Task details
Should a picture appear anywhere in the data, omit it and copy everything else exactly.

Data provided
----------
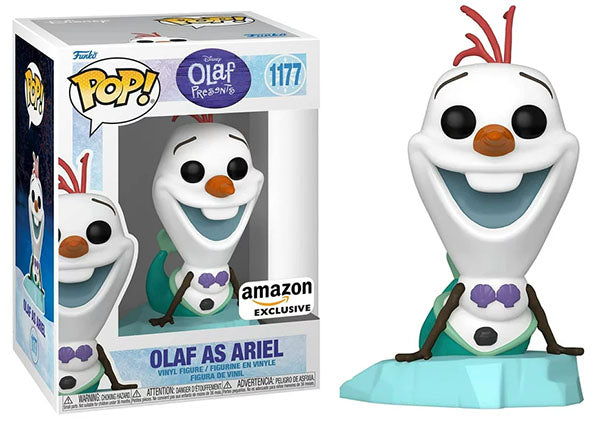 POP! Disney #1177 Olaf as Ariel - My Anime Shelf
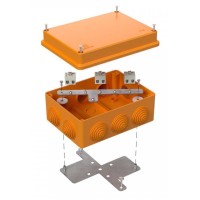 Коробка огнестойкая 150х110х70 (40-0310-FR1.5-6). Коробка огнестойкая для открытой установки. Промрукав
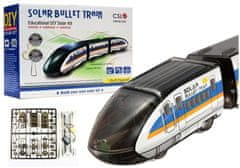 Lean-toys Vzdělávací hračka Solární vlak Bullet Train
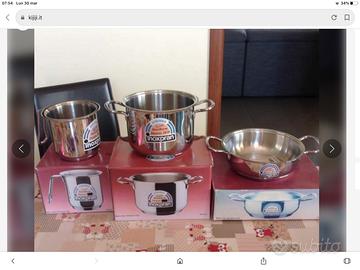 Pentole in acciaio inox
----------
Response to the task
 POP! Disney #1177 Olaf as Ariel - My Anime Shelf
 Коробка огнестойкая 150х110х70 (40-0310-FR1.5-6). Коробка огнестойкая для открытой установки. Промрукав
 Lean-toys Vzdělávací hračka Solární vlak Bullet Train
 Pentole in acciaio inox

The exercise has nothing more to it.